# best medium for ebb and flow



## mobby420 (Dec 23, 2007)

i would like to have the table divided into 4 parts...... and be able to move the plants around fairly easily, i was thinking rockwool, but what are my other options? and how would i set it up? using hydroton under it? hydroton floats...


----------



## chewy*barber (Dec 23, 2007)

If you want to move your plants easily then I think rock wool is your best option.

There really is no need to have hydroton in the ebb/flow if you are using rock wool for the entire grow. In fact, I wouldn't want my roots to grow from the rock wool into the hydroton if I planed on moving them around in the tray.

I use a DIY ebb/flow that uses hydroton. But, I use individual containers. 

If your not using individual containers and you want to move the plants around, then I think the rock wool is the way to go.


----------



## mobby420 (Dec 23, 2007)

i would like to try using a coco or coir based media....... i could buy little pots, but how does it work? do i get net pots or regular plastic ones with the holes on the bottom ? i would ideally like to keep each plant in its own self contained container... what kind of coco medium? what kind of pots etc? do i mix the coco with anything ?


----------



## FilthyFletch (Dec 23, 2007)

I advise not to use the coco medium as its messier and not so great. In ebb and flow tables I use 6 inch square pots with the holes in the bottom then 4x4 inch rockwool cubes in the pot and also hydroton packed in around the cube.I dont like to mve my plants much so I sometime also add rockwool slabs under each row of pots so the roots can grow from the pott into the rockwool slab and get a good hold.I then like to add a small layer of hydrotn pebbles to the table to help keep the roots out of the hid lights.You can skip the rockwool slabs and hydroton in the table though if your needing to move plants so much for some reason.Remember each strain has different needs so try to keep similar strain in each table using the same res as nute amounts will vary per strain as you will find or may have already.


----------



## email468 (Dec 23, 2007)

i use 6" net pots lined with coco-tech liners. i fill them up with hydroton and use halved rapid rooter plugs to hold the germinated seed in place.
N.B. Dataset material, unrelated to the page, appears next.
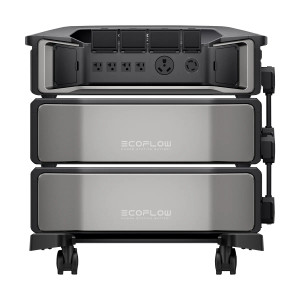 EcoFlow Delta Pro Ultra Whole-Home Backup Power Solution (12 kWh System) EcoFlow Delta Pro Ultra Whole-Home Backup Power Solution (12 kWh System)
I wouldn't even attempt to move them after a month of growth though - the roots get entangled in the reservoir. the root pic is about a month old plant.


----------



## infamouse21 (Dec 23, 2007)

where is the rest of the plant in the pic? lol


----------



## email468 (Dec 23, 2007)

infamouse21 said:


> where is the rest of the plant in the pic? lol


here ya go


----------



## UserFriendly (Dec 23, 2007)

net pots filled with hydroton is all you will ever need. it's easy, clean, low maintenance, and reusable; it's perfect.


----------



## FilthyFletch (Dec 23, 2007)

Issue with netpots in a flood table is the roots get exsposed to lights unless you fill table with hydroton or use plant cover to cover the table


----------



## UserFriendly (Dec 23, 2007)

FilthyFletch said:


> Issue with netpots in a flood table is the roots get exsposed to lights unless you fill table with hydroton or use plant cover to cover the table


growing in a bed of hydroton would be ideal. if one wants 4 sections, it's the price you pay for mobility. however, in a hydro setup, having a small rootmass isn't an issue; especially when you can flood less than an inch of the tray all day long.


----------



## FilthyFletch (Dec 23, 2007)

I use the 6 inch square pots with the 4x4 cubes and then flood the table about 4 inches.The pots have the rockwool and hydroton in it. I do have bigger yields with rockwool slabs and the tray filled with hydroton as root mass is bigger and takes more o2 and food in


----------



## mobby420 (Dec 23, 2007)

you used to fill the table with hydroton, and then put the rockwool slabs on top? 



FilthyFletch said:


> I use the 6 inch square pots with the 4x4 cubes and then flood the table about 4 inches.The pots have the rockwool and hydroton in it. I do have bigger yields with rockwool slabs and the tray filled with hydroton as root mass is bigger and takes more o2 and food in


----------



## FilthyFletch (Dec 24, 2007)

No Mobby.I put a light layer of hydroton in the 6 inch square pot.Then my rooted plant in the 4x4 rockwool cube goes in the pot then I add hydroton to the pot.I then laid the rockwool slabs in rows in the table.They come in 3 foot by 8 inch wide slabs.I then put the pots ontop of the rockwool slabs so the roots can grow into the slabs.I then filled about 2 inches or little more over the slabs with hydroton pebbles.More roots stable plants and less watering needed


----------



## doc kron (May 27, 2008)

when you place the slabs do you completely remove the plastic from them or do you only take the plastic off on top where the pots go??


----------



## piFFstAr407 (May 27, 2008)

email468 said:


> i use 6" net pots lined with coco-tech liners. i fill them up with hydroton and use halved rapid rooter plugs to hold the germinated seed in place. I wouldn't even attempt to move them after a month of growth though - the roots get entangled in the reservoir. the root pic is about a month old plant.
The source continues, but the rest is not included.